So when you are breeding the birds do you have access to food in the breeding box all of the time? Also if you use a breeding box where you let them get used to each other do you need to have them separated like jojo67 does or can you just put them in and lock them in there for a while?


----------



## jojo67 (Jul 14, 2007)

Hi renee, i liked your wooden front nest boxes with the plans to go by i was going to make them, but this was a bit quicker. the different colours as you said makes it a bit easier for them to find.
i need some boxes for the small loft so i will attempt to make the wooden ones then, they look more natural looking.


----------



## jojo67 (Jul 14, 2007)

EgypSwiftLady said:


> Just had to pop in a say this is such a great discussion!
> I'm learning so much, jojo67 your loft is great!
> 
> Thank you all for sharing.


Thankyou swiftlady for your comment, there's a lot to learn and this pigeon talk is great for the advice and info.


----------



## jojo67 (Jul 14, 2007)

Birdmom4ever said:


> Beautiful nest boxes, Jojo! And everything is so clean. I really like the different colored nest fronts.


thankyou birdman4ever, they were easy to make and the colours brighting it up a bit. Its hard to keep it clean and i try not to disturb them too much.


----------



## MaryOfExeter (Sep 30, 2007)

zimmzimm3 said:


> Also if you use a breeding box where you let them get used to each other do you need to have them separated like jojo67 does or can you just put them in and lock them in there for a while?


Really the only problem with this, is that it is a small space...and...if you have two unmated birds in a small space without separation...you get fighting. Some males can get pretty aggressive and I don't think you'd want to risk having one or the other hurt. Just one wrong peck and you could have a hen with an eye injury!


----------



## jojo67 (Jul 14, 2007)

Lovebirds said:


> Very nice set up Jojo. The different color nest fronts are enough to let the birds learn where their box actually is. I've heard of the playing cards too. Just never tried it. I have the perches staggered in my breeding loft and in the widowhood loft, I have different color nest boxes. I've not any problems with either set up. As long as there some sort of difference in one box to the next, they figure it out.


The card thing is interesting maybe get the birds to breed a few aces


----------



## zimmzimm3 (Aug 17, 2007)

I was doing some research on stuff and nestboxes and I reread this thread and i was wondering if you have a box or cage with a divider to pair them then can you just take them out of the pairing box (after the divider has been removed and they have been pair) can you lock them in the nest box for a day or so then let them out?

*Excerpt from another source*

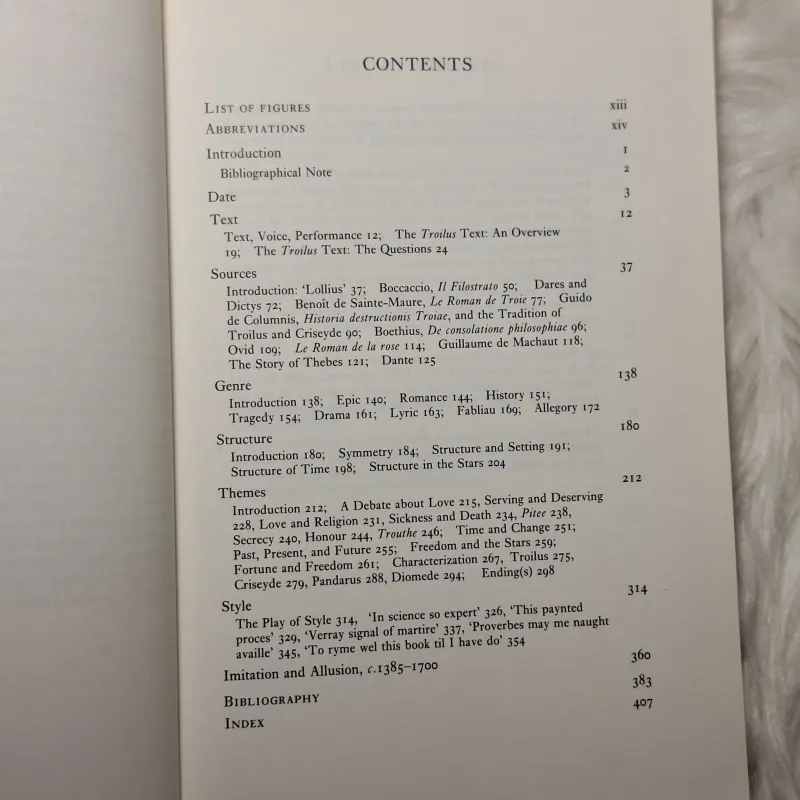 Oxford Guides to Chaucer: Troilus and Criseyde 783241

Will this work?


----------



## aussiegirl (Feb 24, 2008)

wow, i just spotted this thread. Excellent idea. As im just starting out ill go and build the same.
Thankyou for the tips and great pic
Helen


----------



## eric98223 (Aug 4, 2007)

my nest boxes are 14 1/4 by 28 1/2 so they can fit the standard plastic nest fronts and mine are open all the time as i do not practice selective breeding at this time. 
just my 2 cents
E..


renee, what do you use to feed your birds once they are locked in thier nest boxes? what kind of bowls?


----------